MageReport offers a great adhoc scanning service for your Magento store and will highlight unapplied patches when you run the scan. This can be great as a quick way to identify what needs to be done to get and keep your store secure.
Magento have also recently released an automated scanning tool which allows you to set up automatic periodic scans against your site(s) and will alert you when a security issue is found. This is a must.

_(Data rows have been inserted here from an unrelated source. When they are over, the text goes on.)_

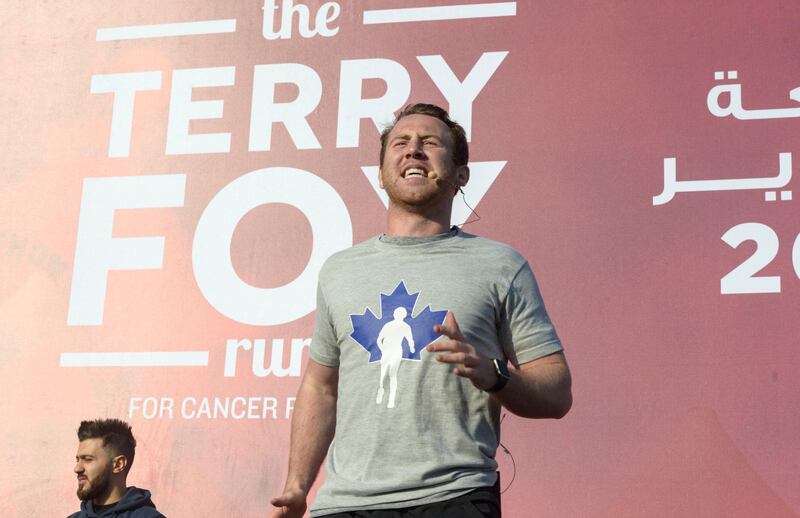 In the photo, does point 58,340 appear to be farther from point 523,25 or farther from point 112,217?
point 523,25

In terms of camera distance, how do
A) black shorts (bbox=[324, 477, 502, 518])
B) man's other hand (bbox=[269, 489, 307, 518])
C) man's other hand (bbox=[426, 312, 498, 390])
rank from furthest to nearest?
1. man's other hand (bbox=[269, 489, 307, 518])
2. black shorts (bbox=[324, 477, 502, 518])
3. man's other hand (bbox=[426, 312, 498, 390])

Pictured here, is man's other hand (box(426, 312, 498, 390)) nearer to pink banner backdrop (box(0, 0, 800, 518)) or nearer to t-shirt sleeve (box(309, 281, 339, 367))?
t-shirt sleeve (box(309, 281, 339, 367))

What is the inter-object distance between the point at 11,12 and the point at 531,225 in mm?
2006

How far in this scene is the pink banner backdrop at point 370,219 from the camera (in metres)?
3.04

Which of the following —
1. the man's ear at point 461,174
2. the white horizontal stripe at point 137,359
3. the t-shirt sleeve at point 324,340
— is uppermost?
the man's ear at point 461,174

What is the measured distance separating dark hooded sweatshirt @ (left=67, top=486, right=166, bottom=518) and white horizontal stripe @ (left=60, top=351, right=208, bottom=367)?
0.38m

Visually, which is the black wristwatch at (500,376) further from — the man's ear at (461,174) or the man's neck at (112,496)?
the man's neck at (112,496)

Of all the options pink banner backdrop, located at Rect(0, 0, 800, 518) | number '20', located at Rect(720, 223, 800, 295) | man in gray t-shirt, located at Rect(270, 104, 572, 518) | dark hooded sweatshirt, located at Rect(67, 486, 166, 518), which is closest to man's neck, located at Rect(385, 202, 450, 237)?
man in gray t-shirt, located at Rect(270, 104, 572, 518)

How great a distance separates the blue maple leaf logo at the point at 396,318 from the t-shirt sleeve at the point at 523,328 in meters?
0.12

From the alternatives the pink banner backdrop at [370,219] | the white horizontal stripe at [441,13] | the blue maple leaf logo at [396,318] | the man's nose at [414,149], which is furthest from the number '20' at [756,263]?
the blue maple leaf logo at [396,318]

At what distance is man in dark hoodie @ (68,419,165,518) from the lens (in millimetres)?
3215

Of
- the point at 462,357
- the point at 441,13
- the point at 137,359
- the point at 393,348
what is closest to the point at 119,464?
the point at 137,359

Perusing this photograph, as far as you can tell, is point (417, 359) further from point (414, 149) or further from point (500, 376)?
point (414, 149)

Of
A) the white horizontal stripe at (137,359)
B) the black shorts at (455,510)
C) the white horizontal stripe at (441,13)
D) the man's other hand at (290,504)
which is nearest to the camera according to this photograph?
the black shorts at (455,510) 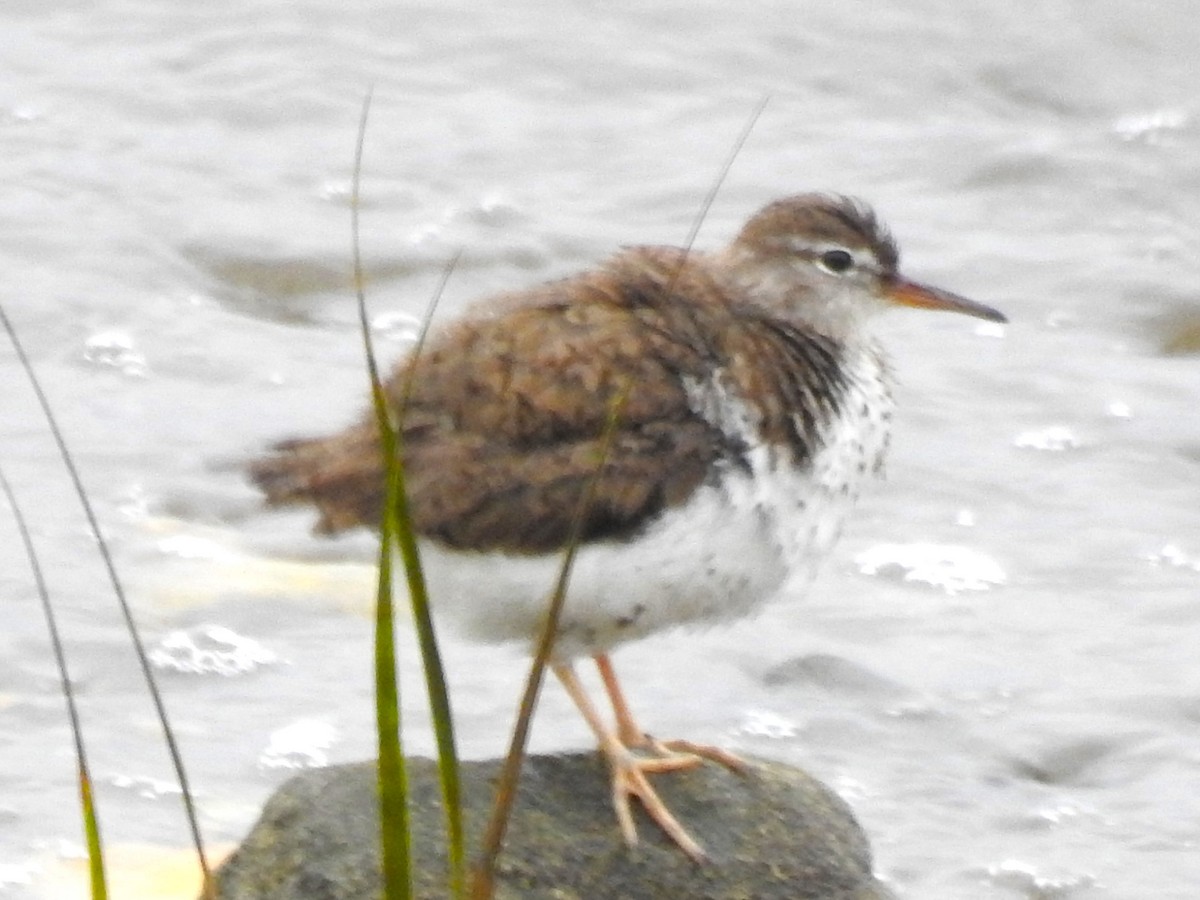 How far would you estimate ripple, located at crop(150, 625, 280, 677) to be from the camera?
21.3 feet

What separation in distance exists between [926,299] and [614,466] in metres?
1.26

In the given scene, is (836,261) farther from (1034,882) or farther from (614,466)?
(1034,882)

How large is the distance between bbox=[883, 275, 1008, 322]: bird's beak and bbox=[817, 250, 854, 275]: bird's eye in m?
0.13

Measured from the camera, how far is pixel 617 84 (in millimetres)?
10320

The recommendation here is to enforce strong passwords in your organisation, make sure they are rotated regularly and remove all unused admin accounts that aren’t in use. Tools like Lastpass and OnePass are great for making sure the above principles are enforced.
As a side note Web Application FireWalls (WAFs) are a great way to flag and block potential brute force attacks on your ecommerce site. This is a great proactive way to add protection.
This is by no means a comprehensive look into security, it’s a huge stand alone topic but I would strongly suggest learning more on the subject. The OWasp Top Ten is a great place to start, they are an official body and cover the most common security issues on the web today.
As I mention, the topic is huge but these general principles should help to keep your site more secure.
If you are interested in a comprehensive Magento site audit which includes detailed security analysis then please get in touch here.
Remember, don’t let security become a low priority. You are dealing with sensitive customer data on a daily basis. Don’t wait until your site has been compromised before thinking about security.